Grünbein's landscapes are forbidding, empty, and confining; places stained or haunted by traces of the dead; cages or coffins one isn't sure one wants to leave, or can. Written inside and outside the Berlin Wall, his poems move from the restrictions of a repressive state to the vast endless, pointless entertainments of capitalism. Though Hofmann and Grünbein share an affection for Joseph Brodsky, it is perhaps Gottfried Benn one hears most. If Grünbein lacks Benn's callousness--the doctor pulling gold teeth from corpses to finance his whoring--there is the sense that humanity's best days are over. Like Benn, Grünbein finds nothing transcendental in the world's depravities, but he forces himself to see them. In the sequence "Portrait of the Artist as a Young Border Dog," Grünbein writes,

Being a dog is this and that, taking instructions from garbage heaps,
A knuckle sandwich for dinner, mud orgasms.
Being a dog is whatever happens next, randomness
The mother of boredom and incomprehension.

The sequence "Variations on No Theme" finds the "skeptical, well read, irritated" Grünbein musing:

How many gestures are futile, and yet
Their inadequacy keeps them going.
To make menaces at a fly, to lower the head
In mute respect before the departed,
To sweeten your time in solitary by waving
Or greeting, can be diverting
Or decent.

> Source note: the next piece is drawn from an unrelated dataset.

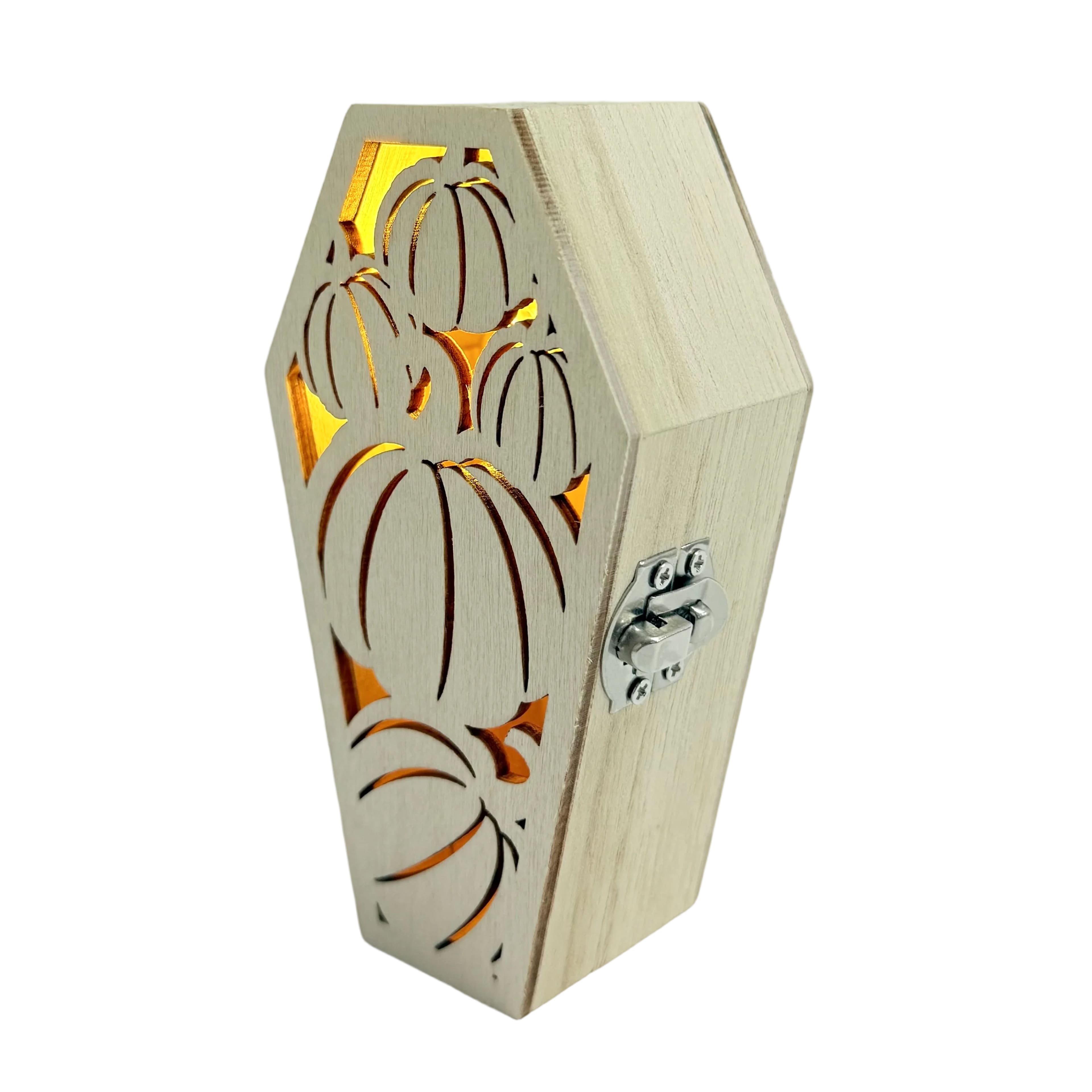 4.5" Pumpkin Coffin DIY LED Wood Décor by Make Market®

It's all absurd anyway,
Against the slothful clouds.

Though absurd, Grünbein is still fascinated by grim things, even dismembered dogs by railroad tracks:

The longer you look, the more
His skin merges with the dirt, the pools
Of gravel in among the emerald grass.

And then the stain also of this life
Is fully laundered away. ("In the Provinces I")

Or at other natural cruelties, like the raptor flying off with all but the rabbit's foot, still twitching in the grass:

That was all that was left of a rabbit
Once the shadow of a wing crossed its path,
After its zigzag dash had been cut off by a claw, its panting
Breath by a well-aimed beak. How comfortless
This death must have been, helplessly splayed
On the wintry earth, the last convulsions. ("In the Provinces II")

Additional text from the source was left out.